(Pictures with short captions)
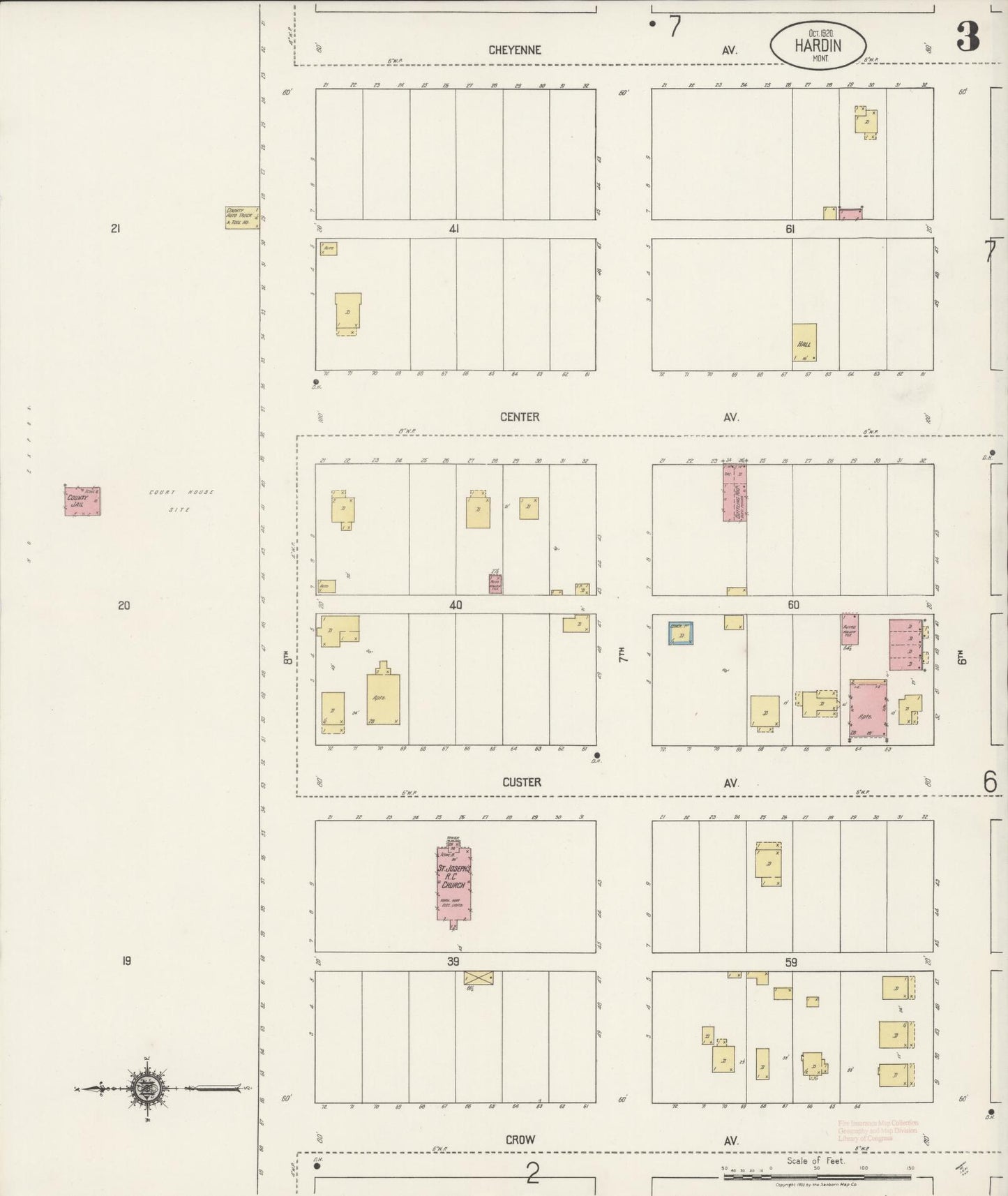 Sanborn Fire Insurance Map from Hardin, Big Horn County, Montana (1920), Sheet #0003 - Complete Map Set gallery image, historic Sanborn map, vintage wall art, Montana Montana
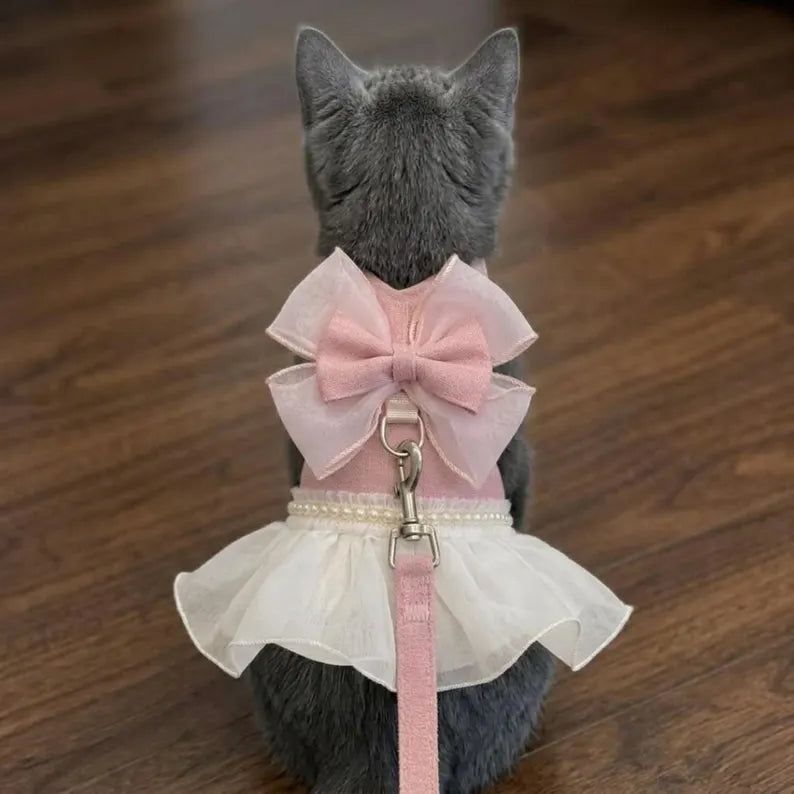 Pink Ruffle Pet Harness Dress & Leash Set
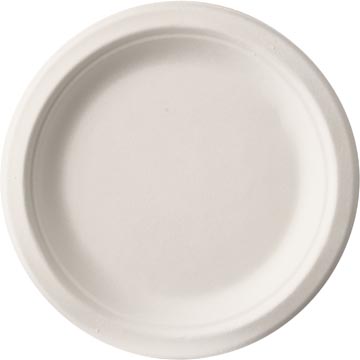 Assiette "pure", ronde, blanche, diamètre 15 cm, en canne à sucre, paquet de 50 pièces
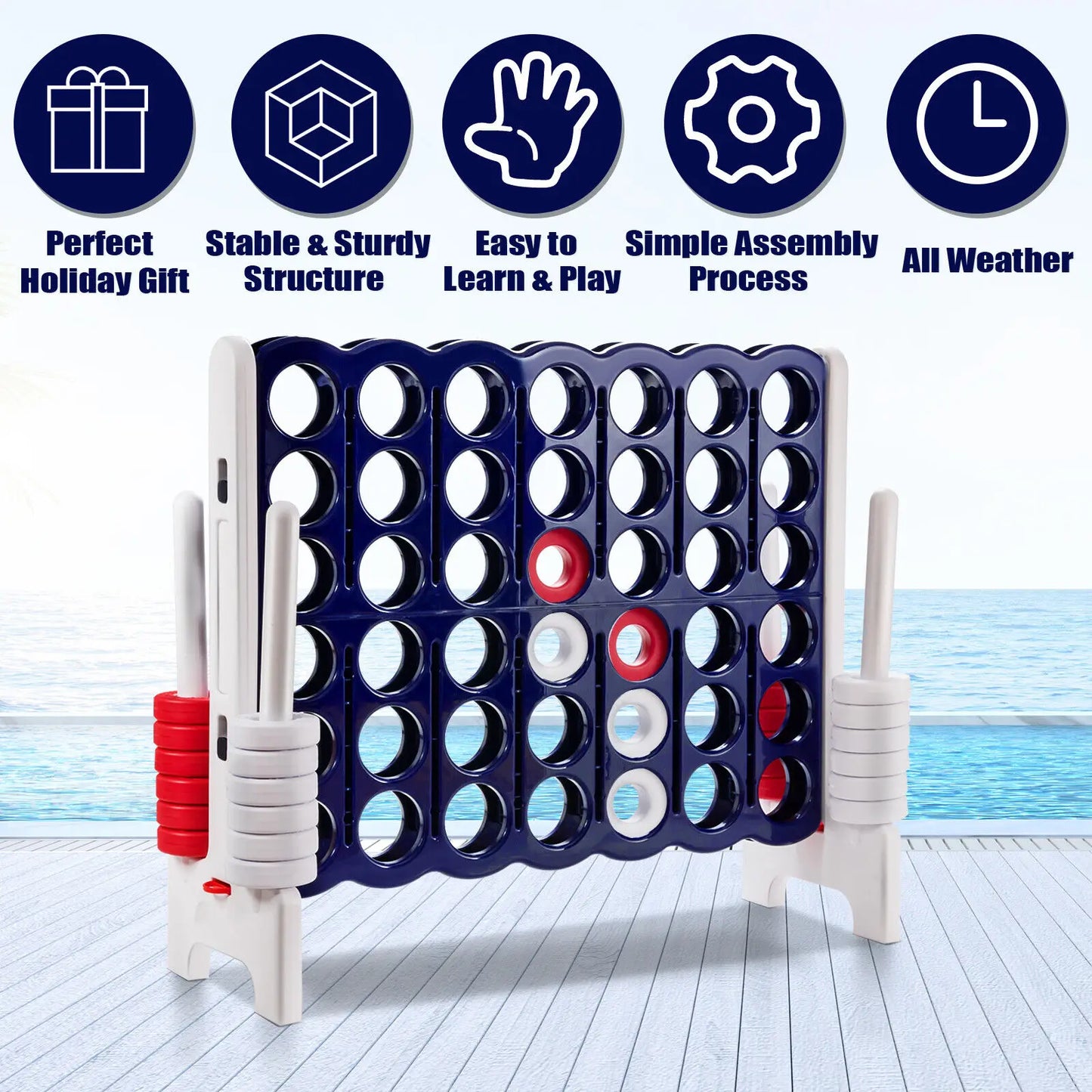 Costway Giant 4-In-A-Row 4-to-Score Game W/Bag Indoor Outdoor Party Family Connect Game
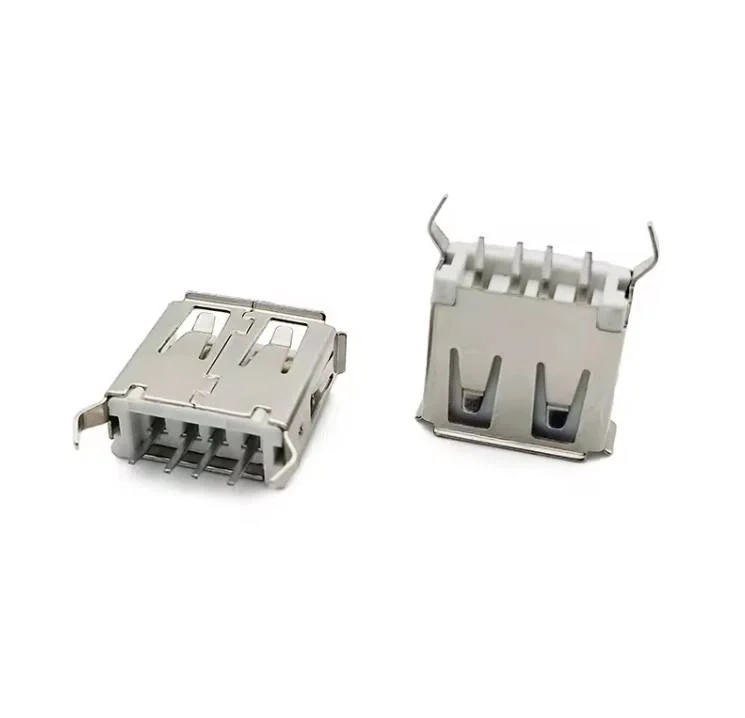 USB Type-A 2.0, socket, 4-pin, vertical DIP, 180 degrees, l = 15mm, copper alloy connector, PBT, 1.5A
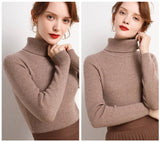 Women Turtleneck Sweater Knitted Soft Pullovers Cashmere Jumpers Basic Soft Sweaters For Women Winter
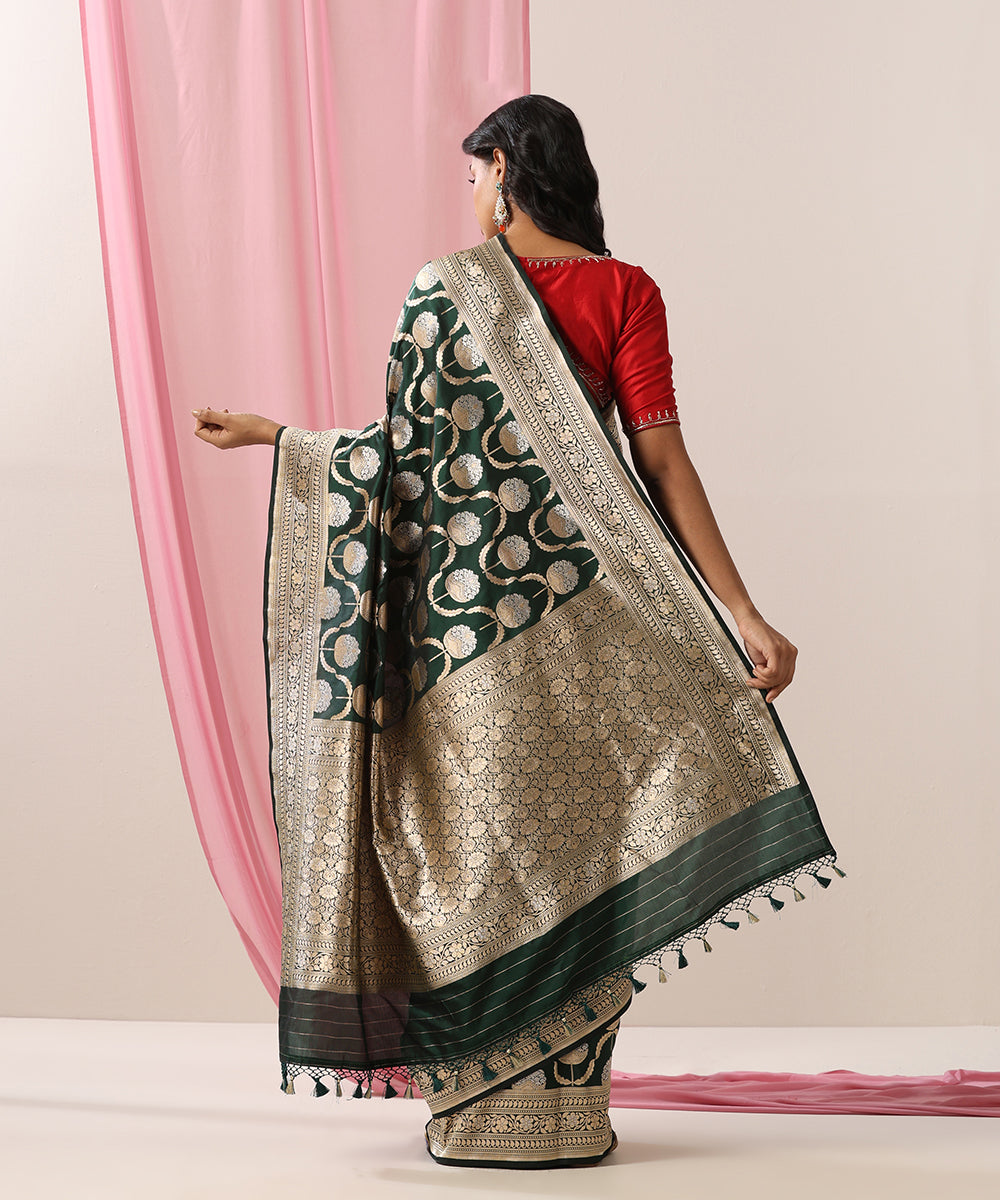 Bottle_Green_Handloom_Pure_Katan_Silk_Banarasi_Saree_With_Gold_And_Silver_Zari_Jaal_WeaverStory_03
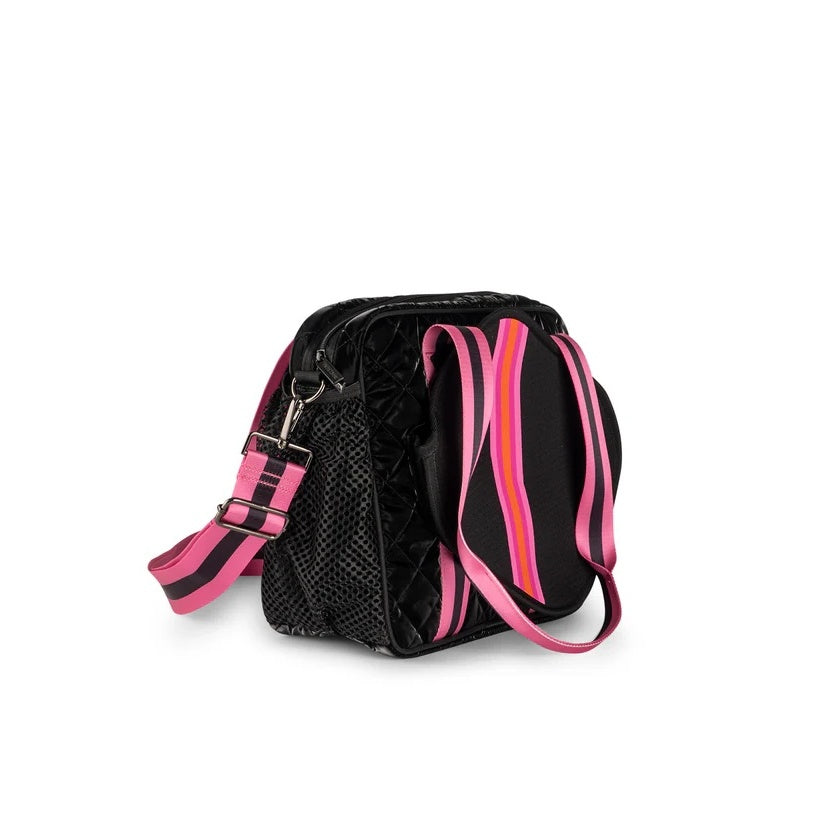Haute Shore Dill Rave Pickle Ball Tote Black Quilted Puffer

**ASSIGNMENT:** All that is wanted is each line, word for word, from the first line of the data to the one holding "Pink Ruffle Pet Harness Dress & Leash Set", with the pictures left out.

**OUTPUT:**
 Sanborn Fire Insurance Map from Hardin, Big Horn County, Montana (1920), Sheet #0003 - Complete Map Set gallery image, historic Sanborn map, vintage wall art, Montana Montana
 Pink Ruffle Pet Harness Dress & Leash Set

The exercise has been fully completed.